* **Assignment**
From top to bottom, write out the listing exactly and skip every picture.

[Data shown Boundary: Start]

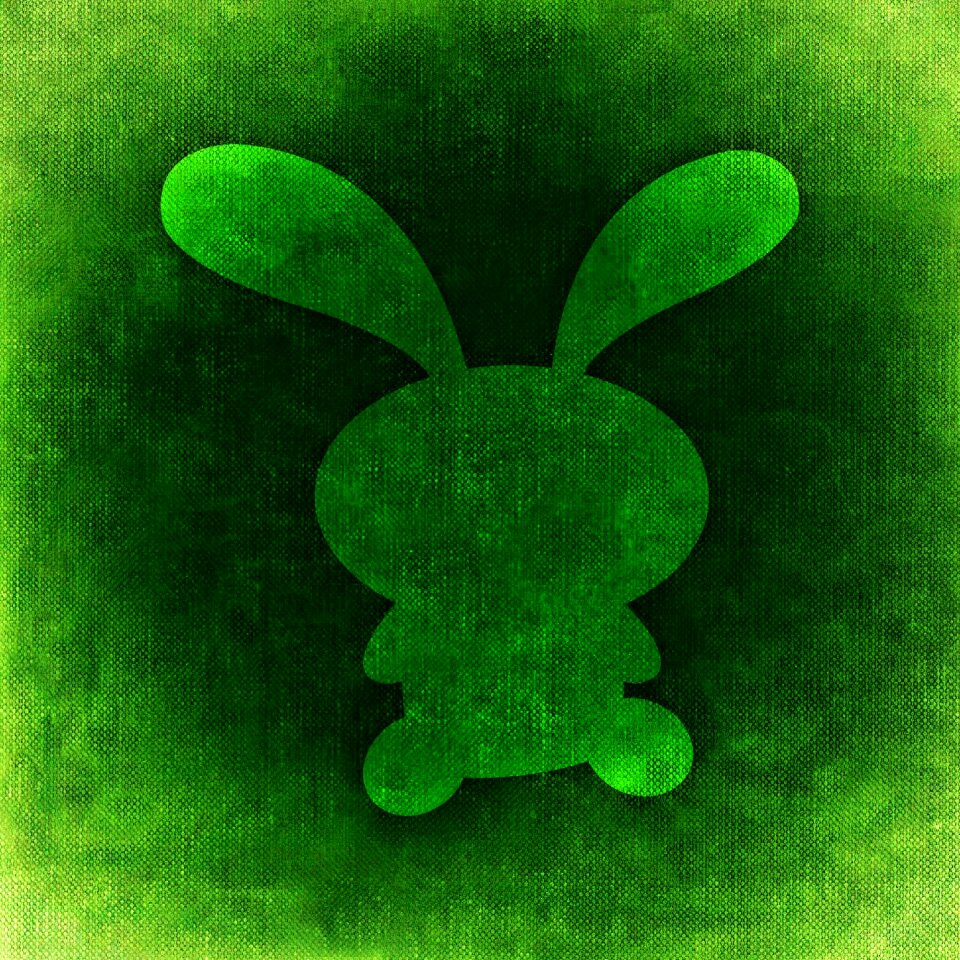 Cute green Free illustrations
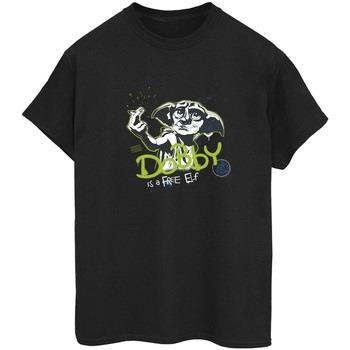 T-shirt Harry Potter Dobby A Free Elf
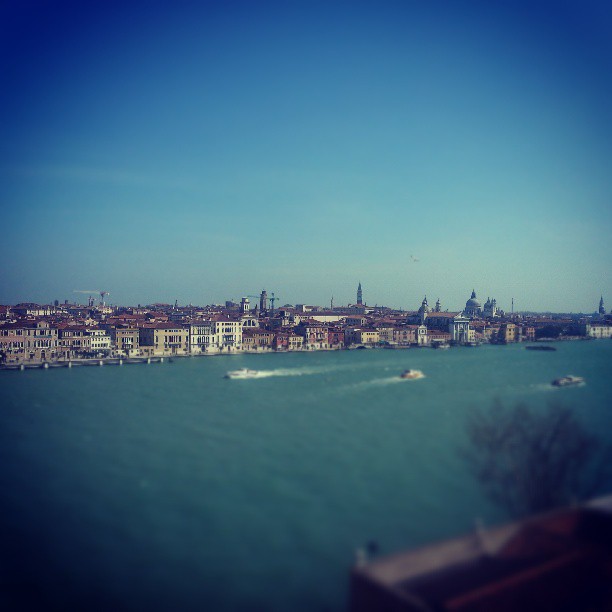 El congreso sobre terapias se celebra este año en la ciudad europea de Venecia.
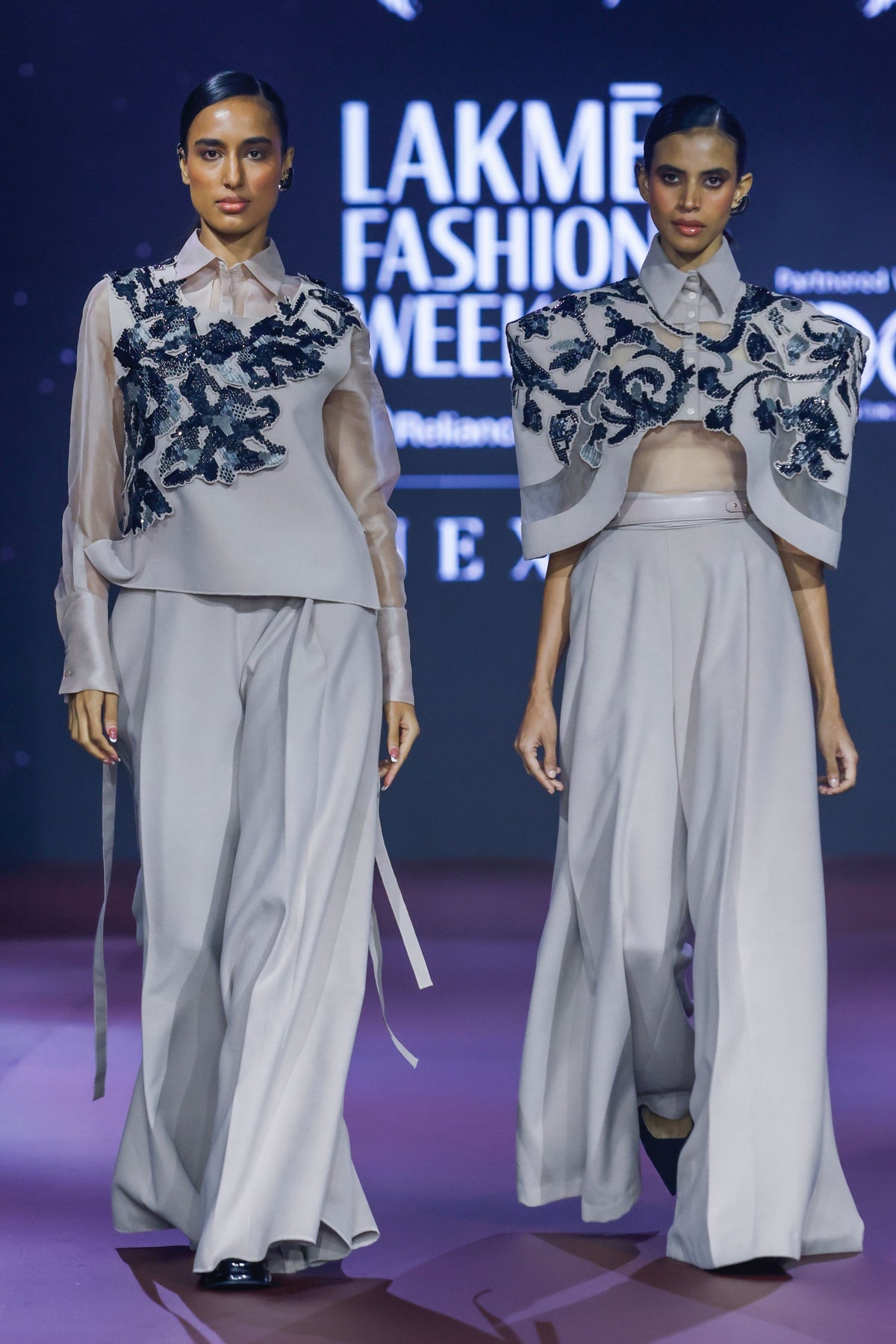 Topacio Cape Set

[Data shown Boundary: End]

* **Answer**
 Cute green Free illustrations
 T-shirt Harry Potter Dobby A Free Elf
 El congreso sobre terapias se celebra este año en la ciudad europea de Venecia.
 Topacio Cape Set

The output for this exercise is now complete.